Friday Hack Chat: Energy Harvesting

Think about an Internet-connected device that never needs charging, never plugs into an outlet, and will never run out of power. With just a small solar cell, an Internet of Thing module can run for decades. This is the promise of energy harvesting, and it opens the doors to a lot of interesting questions.

Joining us for this week’s Hack Chat will be [John Tillema], CTO and co-founder of TWTG. They’re working on removing batteries completely from the IoT equation. They have a small device that operates on just 200 lux — the same amount of light that can be found on a desktop. That’s a device that can connect to the Internet without batteries, wall warts, or the black magic wizardry of RF harvesting. How do you design a device that will run for a century? Are caps even rated for that? Are you really going to download firmware updates several decades down the line?

For this week’s Hack Chat, we’ll be discussing what energy harvesting actually is, what TWTG’s ‘light energy’ technology is all about, and the capabilities of this technology. Going further, we’ll be discussing how to design a circuit for low-power usage, how to select components that will last for decades, and how to measure and test the entire system so it lives up to the promise of being always on, forever, without needing a new battery.

This is a community Hack Chat, so of course we’ll be taking questions from the community. If you have a question, add it to the discussion sheet

join-hack-chatOur Hack Chats are live community events on the Hackaday.io Hack Chat group messaging. This Hack Chat will be going down noon, Pacific time on Friday, October 20th. Is it always five o’clock somewhere? Yes, so here’s a time zone converter!

Click that speech bubble to the right, and you’ll be taken directly to the Hack Chat group on Hackaday.io.

You don’t have to wait until Friday; join whenever you want and you can see what the community is talking about.

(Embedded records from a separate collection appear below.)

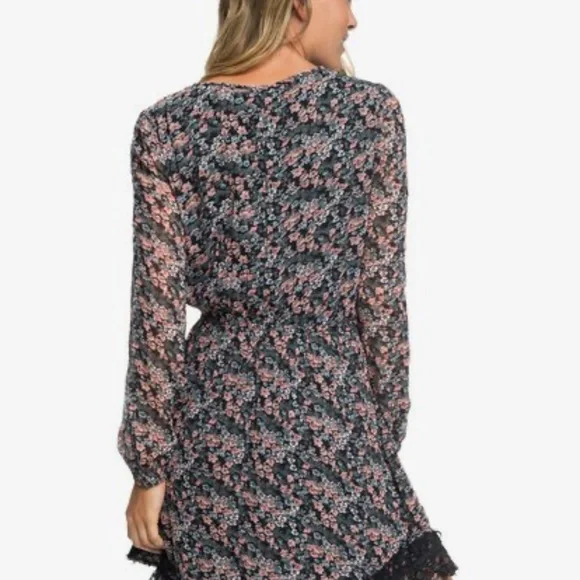 ROXY Chiffon Long Sleeve Dress - Picture 4 of 10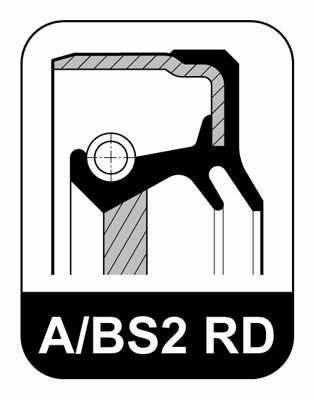 ELRING Wellendichtring, Differential 11017506 Innendurchmesser [mm]: 40, Außendurchmesser [mm]: 55, Höhe [mm]: 7, Bauart Radialwellendichtring: A/BS2, Drallart: Rechtsdrall, Material: ACM (Polyacryl-Kautschuk), Staubschutz: mit Staubschutzlippe 1.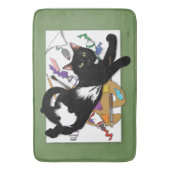 アーティストの猫 バスマット (正面縦)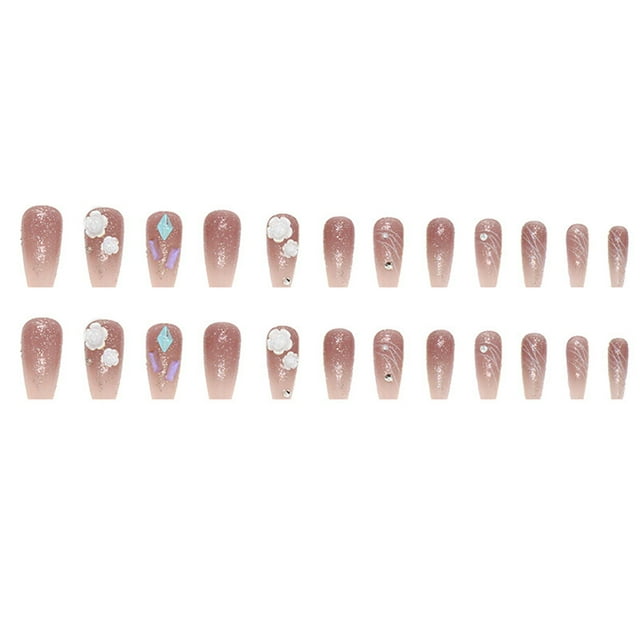 Luoyaxxxxx Fingernails Artificial Tips Custom Semicured Gel Nail ...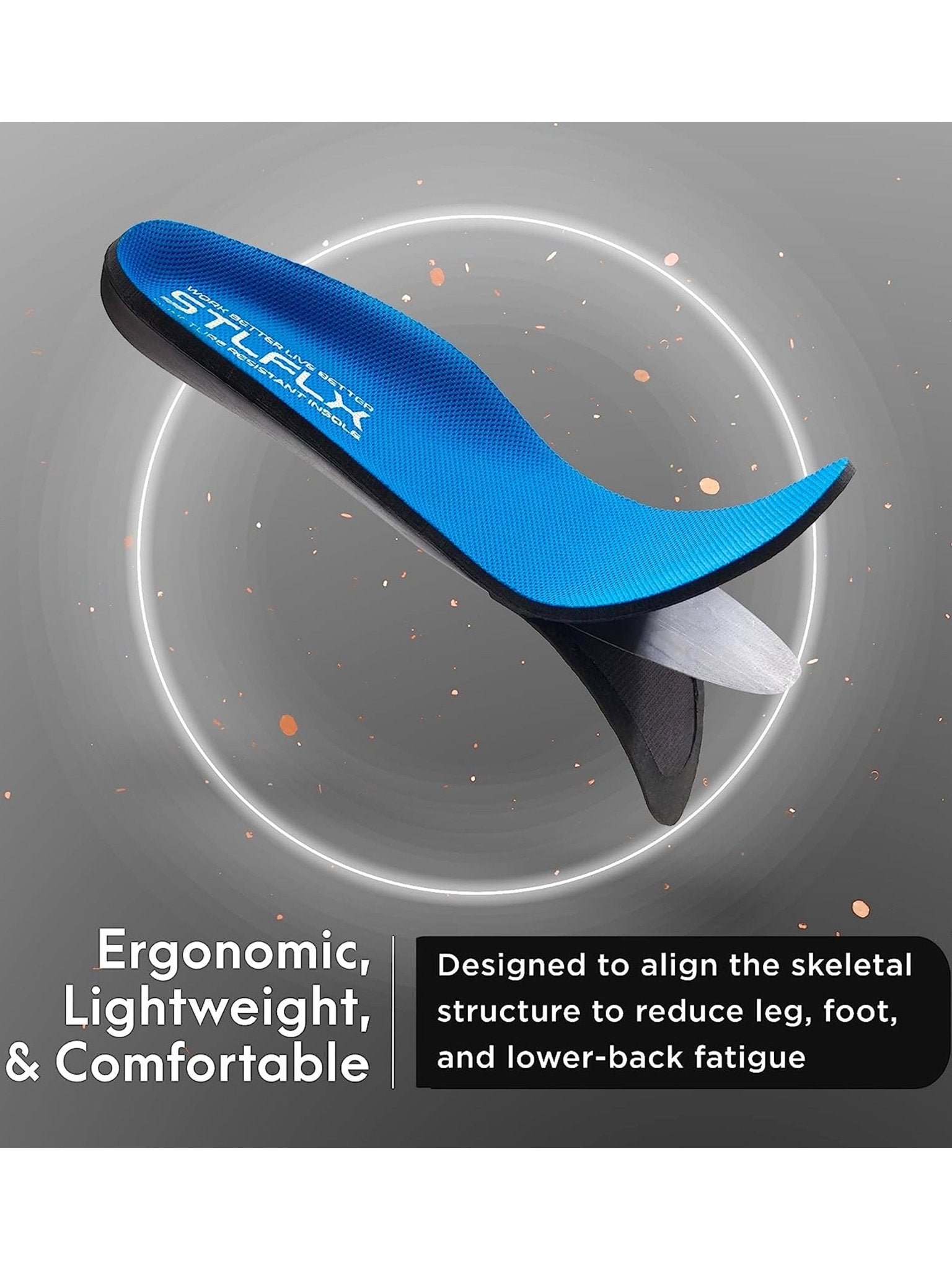 Steel Flex Steel Flex – Unisex safety footwear insole work shoes Puncture Resistant Light Weight in sole Safety Footwear
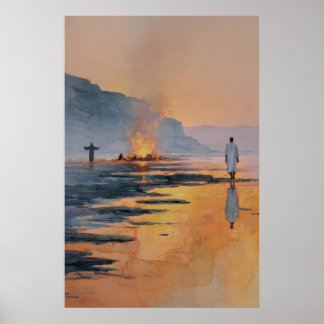 Poster John 21 Do You Love Me Print – Vertical Christian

23 thoughts on “Friday Hack Chat: Energy Harvesting

        1. I kept trying to get one of theses panels from calculators a few years back. Never found a real one in the 10 or so cheap and old calculators I have opened.
          Or maybe it is a survivor bias and I only get my hands on the ones with dead batteries.

    1. Wasn’t there a group putting Stirling engines on the end of the focal point of old satellite dishes after increasing their reflectivity. I can’t seem to find where i saw it.

    2. You can NOT generate any power from the earths magnetic field without motion. It is a quasi static field, even if you want to wait for a pole shift, that would be too slow. :-) And with motion you can use an inertia based device, like the generator of some auto-“winding” electronic watches.

  1. The spy world has got to have some insight into this. What’s an IoT device if not a bug you place around your own home/property. Burst transmission, radio powered transmiters (the great seal bug, RFID, etc), directional antennae. Does the standard 802.x protocol really need to be the standard for IoT if low power is the goal. Do you really need to poll your toaster or weather station every 5 minutes if you only use it 10 minutes a day?

    It seems most of the problems have already been solved but IoT devices are sloppily designed because the focus is being first to market.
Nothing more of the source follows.